If you’d like to hear Verdi’s Don Carlo at the Met this week you can get a seat for only $25.
It’s two rows from the very last row, all the way at the top of the house in
the Family Circle, but it’s pretty much center and it’s an aisle seat. There’s
even a cheaper seat, also on the aisle but further stage right, for $20. Or you
could get an excellent orchestra seat, also on the aisle, for $340! And no,
that’s not the most expensive seat; that would be front row, center Parterre,
at $440 for this performance.
If your tastes run to the Vienna Philharmonic, you could
hear them at Carnegie Hall this weekend. The cheapest seats, at the top of the
balcony, are all sold out; they went for $34. But there are great orchestra
seats available for a mere $202.
Or maybe you’re a theatre lover and you’d like to hear the
New York Philharmonic’s 100+ players rip though Rodger’s and Hammerstein’s Carousel. The most economical seats are
available at a steep $95 in the third tier; orchestra seats will set you back
$245.
Do you know what all the cheap seats in these three halls
have in common? Aside from saving you some bucks, they offer the best sound you
can get.
Don’t believe me? Well take a look at these two pictures. I
shot these on my phone at Monday night’s Yale Percussion Group concert in Morse
Recital Hall. This is a largely School of Music audience, so they know a thing
or two about sound. The first shot is of the balcony; note that there are very
few empty seats. The second photo is of the nearly deserted orchestra level.

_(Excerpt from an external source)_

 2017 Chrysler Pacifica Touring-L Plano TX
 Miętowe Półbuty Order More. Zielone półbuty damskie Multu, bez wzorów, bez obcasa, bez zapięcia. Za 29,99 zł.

This was a free concert; people could sit wherever they wanted. This savvy
crowd knew where the best sound was.
I was at a Met performance of Mozart’s Die Zauberflöte several years ago and wasn’t liking it very much. I
wanted to leave at intermission, but I also wanted to hear the famed Queen of the Night aria at the top of
the second act. (“Der Hölle Rache kocht
in meinem Herzen" – listen to it here). So I left my front row balcony seat, climbed all the way up to the
highest spot in the house, Standing Room in the Family Circle, and listened.
When her highness finished, I applauded and left quietly through the door at
the top of the house. The aria was good; the sound was extraordinary.
And speaking of extraordinary, that percussion concert was
exactly that. OMG! Bartók’s incredibly exciting Sonata for Two Pianos and Percussion opened the concert, followed
by two pieces from contemporary composers John Supko (b. 1980) and Alejandro
Viñao (b. 1951). But the highlight was the absolutely astounding Cloud Polyphonies by James Wood, seen
below taking his bow. It was 40 minutes of exotic, exquisite, sometime
mind-blowing, always fascinating, occasionally too loud percussive music. Every
instrument on that crowded stage was used in this contemporary masterpiece and
the standing ovation was for once totally deserved. Alas, there is not a
recording I can point you to but you can listen to the first movement here.